Los pliegues más oscuros

por Carlos Losilla

Los demonios, el primer largo de ficción escrito y dirigido por el canadiense Philippe Lesage, es una película absolutamente predecible. Se podría inscribir sin dudar un instante a ese género inexistente que acostumbra a describir “la suciedad bajo la alfombra”. Es decir, esas películas que cineastas como Michael Haneke han convertido en toda una institución: tómese una comunidad presuntamente civilizada, indáguese en sus interioridades y obsérvese para finalizar cuánta podredumbre se ocultaba tras su higiénica apariencia. Lesage no hace otra cosa. Para empezar, nos presenta a Félix, un preadolescente con problemas escolares, cuyos padres no se llevan demasiado bien, obsesionado con su profesora de gimnasia y con una visión un tanto confusa de su propia sexualidad. En otras palabras, nada diferente de otros chavales de su edad. A partir de cierto momento, no obstante, la descripción del medio en el que vive Félix pasa de exhibir los trapos sucios de los adultos a concentrarlos en un hecho abominable que no explicaré pero que supone toda una agresión al espectador, por mucho que se le haya estado preparando para algo parecido. Pasamos así del drama doméstico al suceso criminal, pero ni uno ni otro son lo que parecen, pues Lesage no persigue ni la crítica social ni el suspense, sino ese ambiente enrarecido que se niega a distinguir las fronteras entre uno y otro. El mal anida en toda estructura social, sobre todo en aquellas que parecen mejor organizadas y, por eso mismo, encubren las pulsiones más primitivas y violentas. Muy bien, ya lo sabíamos, lo vemos venir desde el principio. ¿Qué queda, entonces, en una película como Los demonios?

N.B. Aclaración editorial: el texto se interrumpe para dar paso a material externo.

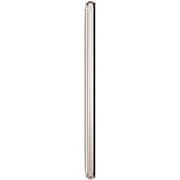 Lava Iris 702 Dual Sim 3G Smartphone Gold Lava Iris 702 Dual Sim 3G Smartphone Gold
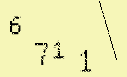 Captcha Image: you will need to recognize the text in it.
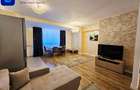 Apartament 3 camere metrou Crângași, bloc nou, mobilat și utilat, centrală - 1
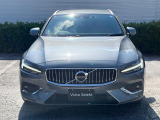 全国のVOLVOからお取り寄せが可能※!遠方の店舗に展示してあるクルマが気になる場合も、最寄りの店舗でご購入ただくことが可能です!是非私たちに要望をお聞かせください!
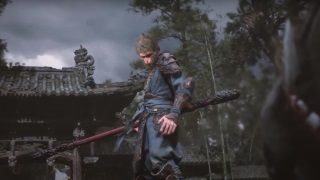 Black Myth: Wukong interneti kasıp kavurdu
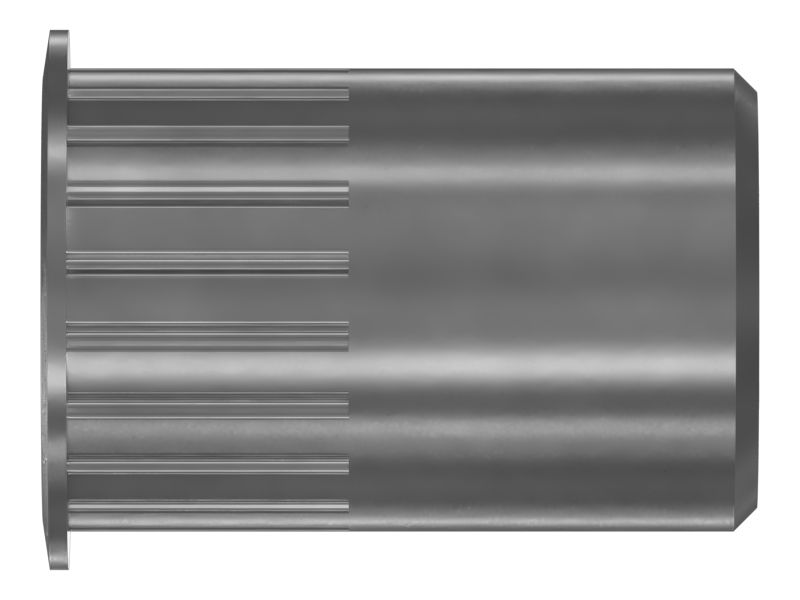 Резьбовая вставка M6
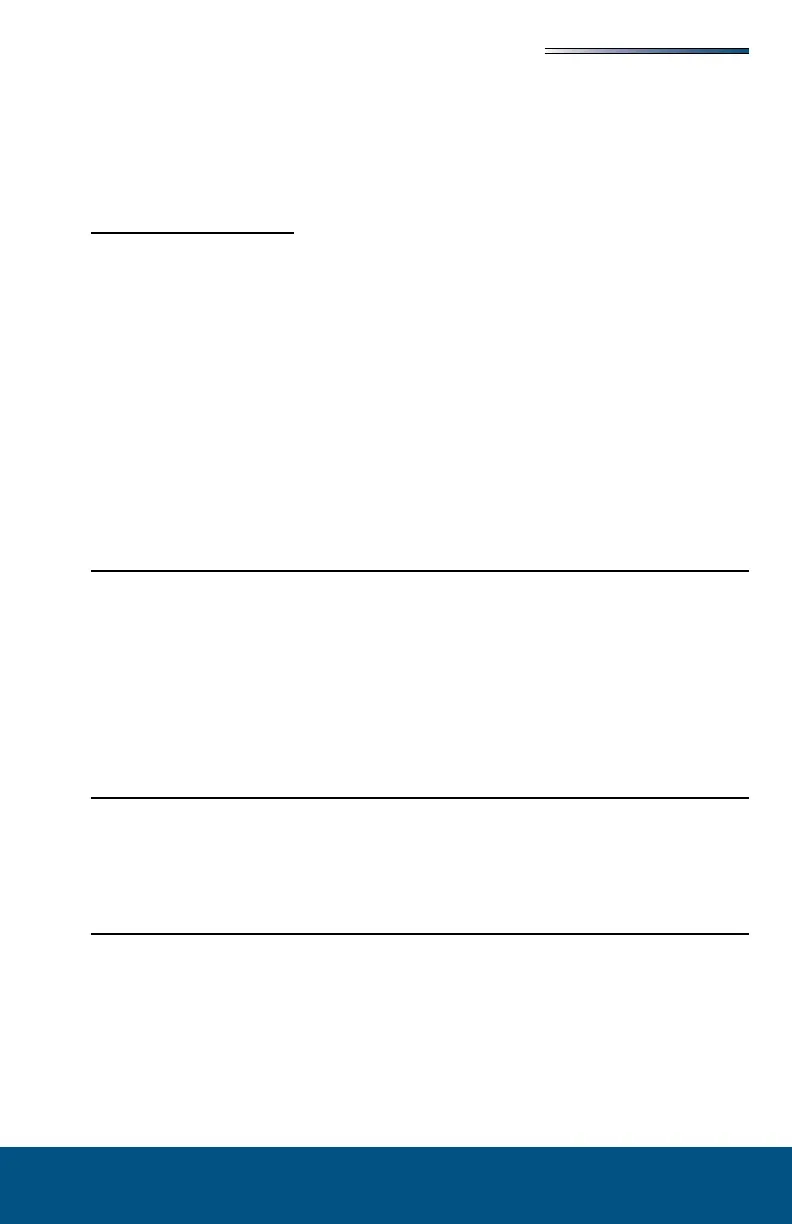 Page #125 background image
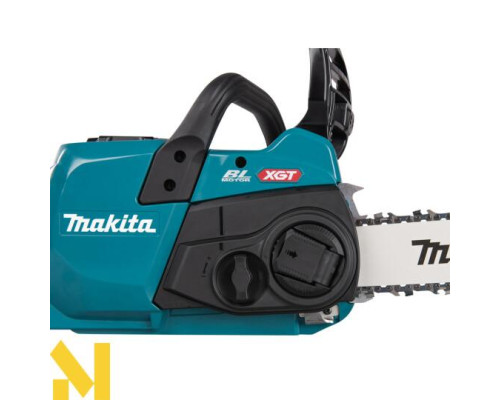 Пила ланцюгова акумуляторна Makita UC023GZ (без АКБ та ЗП)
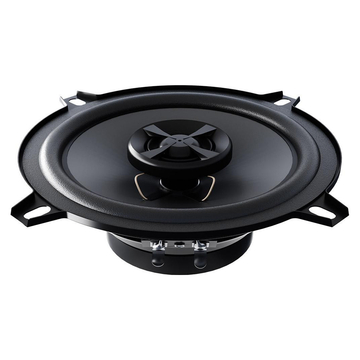 Prology RS-130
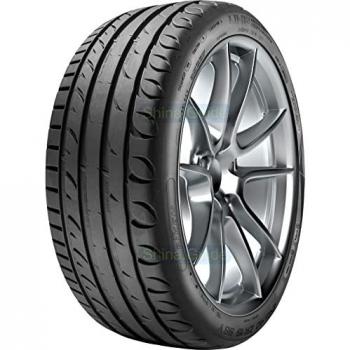 Pneumatici Riken Ultra High Performance 195/55 R20 95H XL Estate
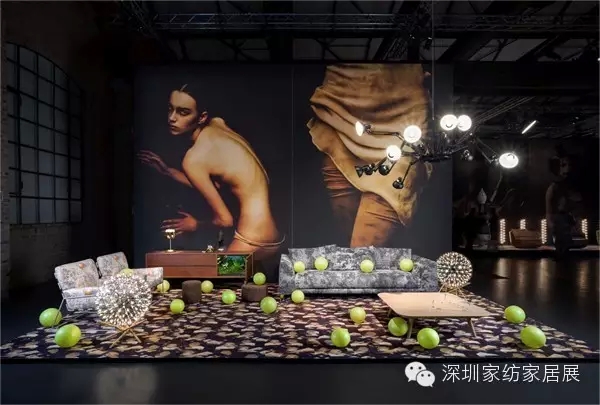 會師深圳,你不是孤軍奮戰(zhàn)!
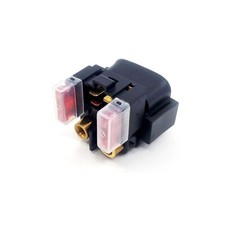 KTM Starter Solenoid Relay fits most SX SX-F EXC EXC-F XC XC-W LC4 99-26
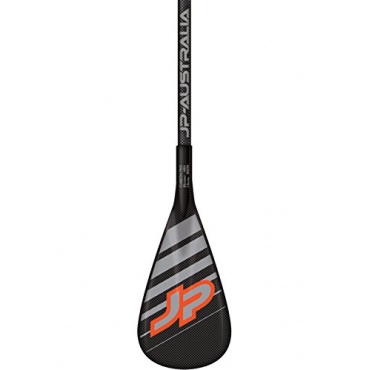 JP Australia Carbon PRO Stand Up Paddel Bild 1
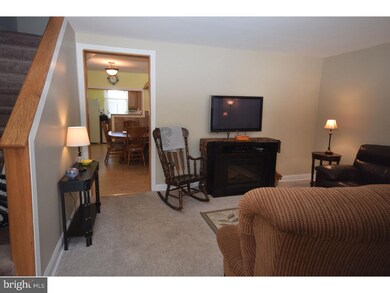 505 Alexander Ave, Drexel Hill, PA 19026 - photo 7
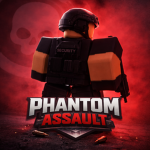 StrikeCore | Phantom Ops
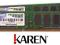 Patriot Signature DDR3 2x2GB 1333MHz CL9 KH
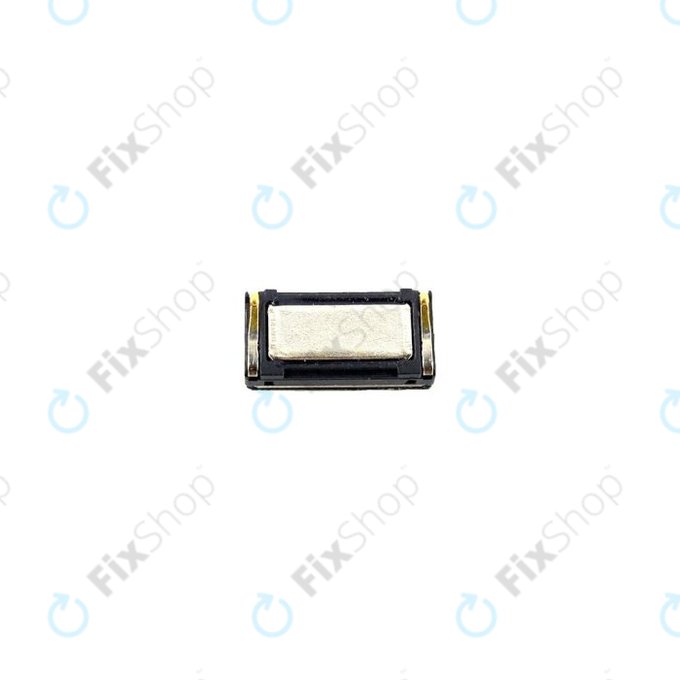 Xiaomi Redmi Note 5 Pro - Kopfhörer Hörmuschel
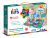 Интерактивная игрушка Kids Hits Музыкальный коврик с огоньками Мы едем-едем Интерактивная игрушка Kids Hits Музыкальный коврик с огоньками Мы едем-едем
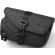 ASUS ROG Slash Sling Bag 4.0 изображение 4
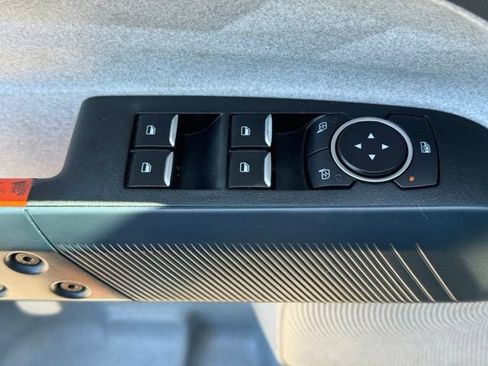 Used 2022 Ford Maverick XLT w/ Equipment Group 300A Standard AWD/4WD image 9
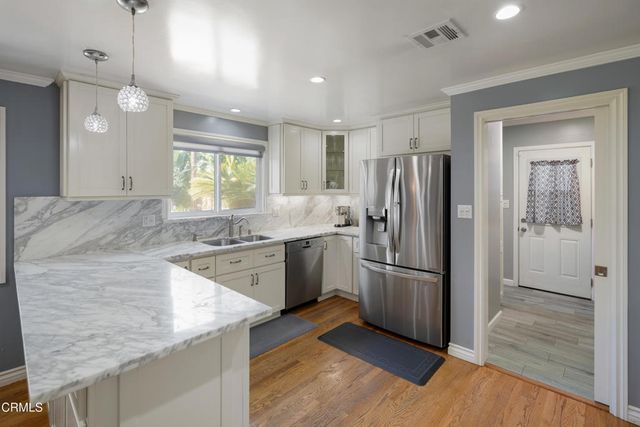 142 W Santa Anita Terrace, Arcadia, CA 91007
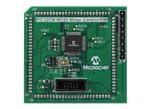 Microchip Technology PIC32CM MC00 Motorsteuerungs-PIM (EV94F66A)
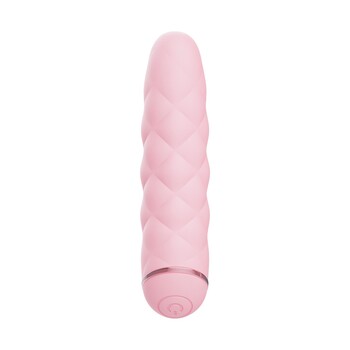 Adam & Eve PillowTalk Bullet - Product Shot
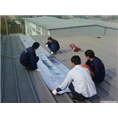┃南宁专业防水补漏┃南宁防水补漏┃南宁**防水补漏┃ 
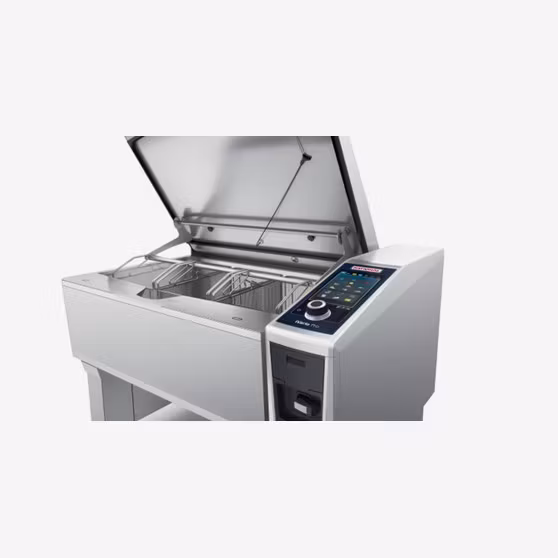 Stekbord - Rational iVario Pro XL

Quizá otro tópico de cierto cine de autor, pero que aquí se revela fundamental. Desde el principio, Lesage utiliza planos largos, que evitan el montaje acelerado, que empiezan mostrando un fragmento de realidad en apariencia inofensivo para dejar al descubierto una dinámica perversa, una cotidianidad cuyo funcionamiento se revela regido por una lógica monstruosa. La casa es el lugar de los sueños amorosos destruidos, del aprendizaje de la banalidad por parte de los hermanos mayores, de los terrores nocturnos y los rincones pavorosos. La escuela se rige a partir de una jerarquía que aniquila todo deseo, que impone la dictadura de la colectividad por encima de la satisfacción individual. Y los espacios intermedios se rigen por la inquietud, por desplazamientos siempre robóticos, por el descubrimiento de abismos que afectan tanto al mundo cotidiano como a la condición humana. Los demonios consigue sus mejores momentos cuando se dedica a sugerir todo eso por medio de escenas alargadas, a veces de una densidad insoportable, a base de ambientes sofocantes y situaciones claustrofóbicas. Al contrario, cuando la película cambia de tercio, a través de una escena que también desplaza un tanto injustificadamente el punto de vista, que toma al espectador como rehén de un viraje más bien tramposo, su fuerza disminuye, todo se hace más evidente y por lo tanto más efectista y menos efectivo. En este sentido, las escenas en el bosque y el destino de uno de los personajes, hasta entonces secundario, restan fuerza a una narración por lo demás inquietantemente atmosférica, que hasta entonces Lesage ha sabido dosificar sin que ocurra casi nada pero acumulando una fecunda tensión malsana.

A favor: Sus momentos de mayor libertad, cuando la cámara escruta un ambiente saturado dejando ver sus costuras.

En contra: Los momentos en que se hace más explícita y, en consecuencia, también más simplona.